The fundamental operation of most CPUs, regardless of the
physical form they take, is to execute a sequence of stored instructions called
a program. The program is represented by a series of numbers that are kept in
some kind of computer memory. There are four steps that nearly all CPUs use in
their operation: fetch, decode, execute, and writeback.
The first step, fetch, involves retrieving an instruction
(which is represented by a number or sequence of numbers) from program memory.

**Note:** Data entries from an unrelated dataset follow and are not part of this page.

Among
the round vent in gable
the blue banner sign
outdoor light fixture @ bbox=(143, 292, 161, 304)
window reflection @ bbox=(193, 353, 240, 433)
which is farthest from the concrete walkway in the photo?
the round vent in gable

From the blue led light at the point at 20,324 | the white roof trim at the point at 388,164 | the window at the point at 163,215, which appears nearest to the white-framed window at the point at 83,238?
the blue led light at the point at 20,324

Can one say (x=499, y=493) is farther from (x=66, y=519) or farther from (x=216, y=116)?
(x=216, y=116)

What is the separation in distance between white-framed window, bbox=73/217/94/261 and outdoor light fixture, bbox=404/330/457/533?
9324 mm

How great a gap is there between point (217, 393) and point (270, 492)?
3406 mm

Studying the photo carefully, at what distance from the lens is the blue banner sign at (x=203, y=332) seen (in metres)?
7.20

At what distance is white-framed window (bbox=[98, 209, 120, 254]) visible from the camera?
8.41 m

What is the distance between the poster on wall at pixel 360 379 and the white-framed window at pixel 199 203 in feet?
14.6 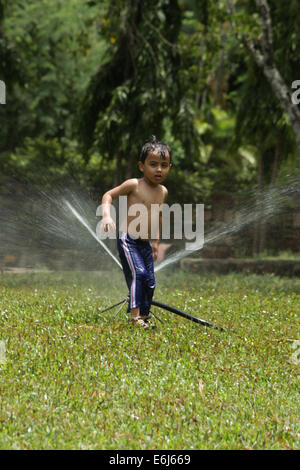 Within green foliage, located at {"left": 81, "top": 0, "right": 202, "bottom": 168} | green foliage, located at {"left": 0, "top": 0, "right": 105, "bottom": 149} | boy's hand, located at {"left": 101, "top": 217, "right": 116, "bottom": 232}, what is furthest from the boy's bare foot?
green foliage, located at {"left": 0, "top": 0, "right": 105, "bottom": 149}

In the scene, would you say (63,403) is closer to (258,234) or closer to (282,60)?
(282,60)

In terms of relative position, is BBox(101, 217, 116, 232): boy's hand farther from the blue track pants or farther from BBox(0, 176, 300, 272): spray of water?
BBox(0, 176, 300, 272): spray of water

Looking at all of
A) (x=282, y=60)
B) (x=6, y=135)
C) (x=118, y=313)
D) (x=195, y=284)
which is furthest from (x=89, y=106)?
(x=118, y=313)

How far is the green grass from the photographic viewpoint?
290cm

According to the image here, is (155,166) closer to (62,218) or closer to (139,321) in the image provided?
(139,321)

The location in program memory is determined by a program counter (PC), which
stores a number that identifies the current position in the program. In other
words, the program counter keeps track of the CPU's place in the current
program. After an instruction is fetched, the PC is incremented by the length of
the instruction word in terms of memory units.[2] Often the instruction to be
fetched must be retrieved from relatively slow memory, causing the CPU to stall
while waiting for the instruction to be returned. This issue is largely
addressed in modern processors by caches and pipeline architectures (see below).
The instruction that the CPU fetches from memory is used to
determine what the CPU is to do. In the decode step, the instruction is broken
up into parts that have significance to other portions of the CPU. The way in
which the numerical instruction value is interpreted is defined by the CPU's
instruction set architecture (ISA).[3] Often, one group of numbers in the
instruction, called the opcode, indicates which operation to perform. The
remaining parts of the number usually provide information required for that
instruction, such as operands for an addition operation. Such operands may be
given as a constant value (called an immediate value), or as a place to locate a
value: a register or a memory address, as determined by some addressing mode. In
older designs the portions of the CPU responsible for instruction decoding were
unchangeable hardware devices. However, in more abstract and complicated CPUs
and ISAs, a microprogram is often used to assist in translating instructions
into various configuration signals for the CPU. This microprogram is sometimes
rewritable so that it can be modified to change the way the CPU decodes
instructions even after it has been manufactured.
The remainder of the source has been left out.